TV Press - Em março, quando Morde & Assopra estreou, sua filha mais nova estava com pouco mais de cinco meses de idade. O que levou você a encarar uma personagem dupla logo depois da gravidez?
Flávia Alessandra - Fiquei encantada pela personagem assim que li os primeiros capítulos da novela. Pensei que seria a chance de fazer uma androide, um papel pouco comum. Quem seria o outro doido que criaria uma personagem dessas para mim? Aí aceitei o convite do Walcyr (Carrasco, autor). Inicialmente, seria um trabalho perfeito para depois da gravidez, pois a robô vivia no laboratório. A versão humana só iria aparecer no fim da novela para desvendar mistérios e mexer com tudo. Era o plano perfeito.
TV Press - Mas além de a robô ter aparecido mais na trama, a volta da Naomi humana foi antecipada. Você estava pronta?
Flávia - Tudo aconteceu rápido demais. Está sendo pesado, uma grande batalha, muita ralação. Mas não posso reclamar. O público gostou da personagem e o Walcyr me disse que iria aumentar um pouco a participação. A robô começou a sair da casa, a se envolver com outros personagens. Além disso, veio a surpresa do aparecimento precoce da versão humana. O saldo final foi superpositivo. Mas eu não contava que essa reviravolta fosse acontecer antes do meio da novela.
TV Press - Os primeiros capítulos tiveram audiência abaixo do esperado, o que fez com que a trama sofresse algumas modificações. De que forma isso afetou suas personagens?
Flávia - As personagens não mudaram, mas a volta da Naomi humana foi adiantada quando o Walcyr sentiu o que estava indo bem e o que estava atrapalhando a novela. As alterações quase eliminaram os dinossauros da história. A robô conseguiu ficar na trama e apresentou outras facetas. A equipe ficou bem mais tranquila quando a novela conseguiu certa estabilidade no ibope.
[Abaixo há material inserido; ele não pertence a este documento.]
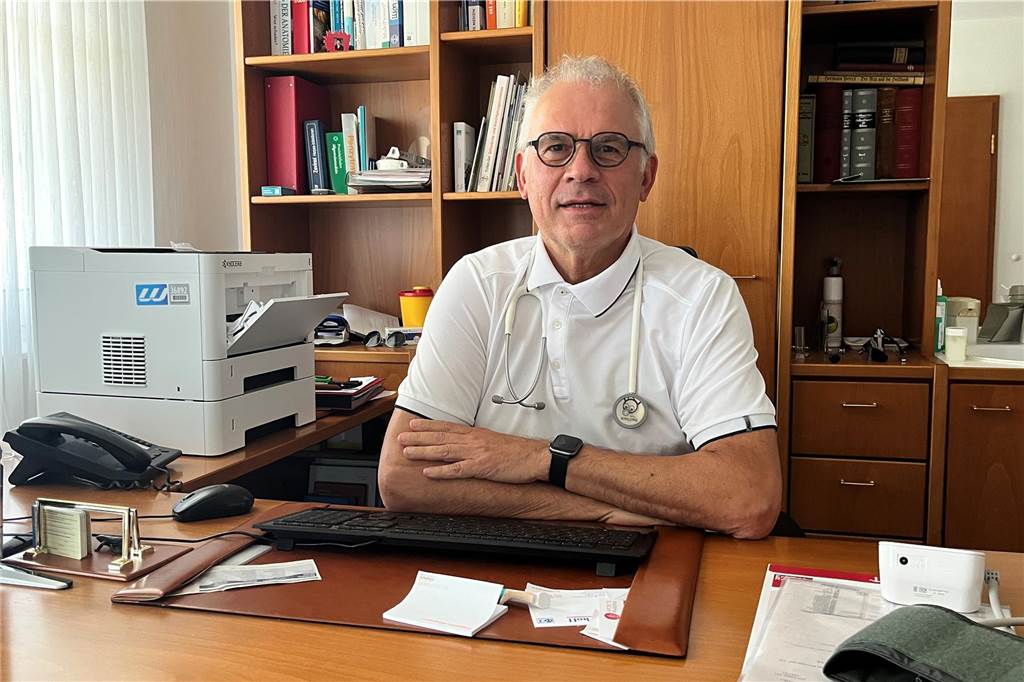 Nachfolge in Dr. Lévis Praxis: Wundzentrum Ahaus startet am 1. Mai Dr. Paul Lévi sitzt an seinem Schreibtisch.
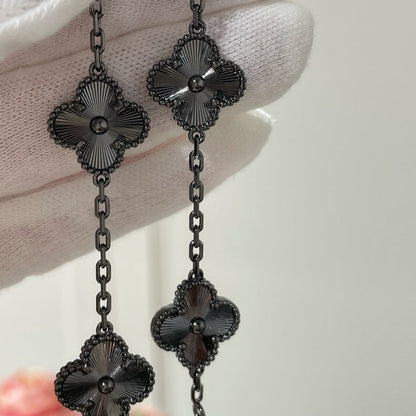 [Everoly JW] CLOVER 5 MOTIF BLACK BRACELET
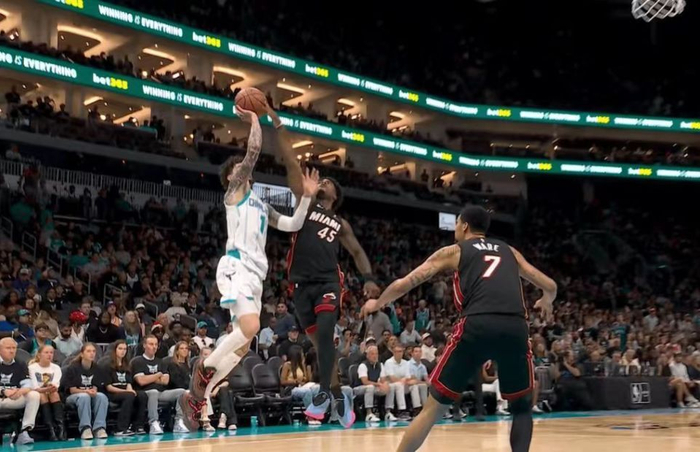 三球争议动作致热火球员伤退 黄蜂险胜抢下季后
TV Press - Em algum momento você se confundiu na hora de gravar e usou características da humana na androide ou vice-versa?
Flávia - Sim, mas procuro me concentrar muito para isso não acontecer. A maior dificuldade é com os trejeitos. É o que mais embola minha cabeça. Fica ainda mais difícil quando coordeno as duas juntas. Eu tenho de contracenar com uma dublê, então já fico pensando nas reações do outro lado. Dou as coordenadas do que ela deve fazer, dos movimentos, e depois vou lá e faço também. É uma loucura, acabo a cena e tenho de tirar toda a caracterização e refazê-las como a outra personagem.
TV Press - Não é a primeira vez que uma novela de trama futurista é recebida com frieza. Tempos Modernos, de 2010, teve uma das piores médias de audiência do horário das 19h. Foi difícil lidar com essa rejeição inicial?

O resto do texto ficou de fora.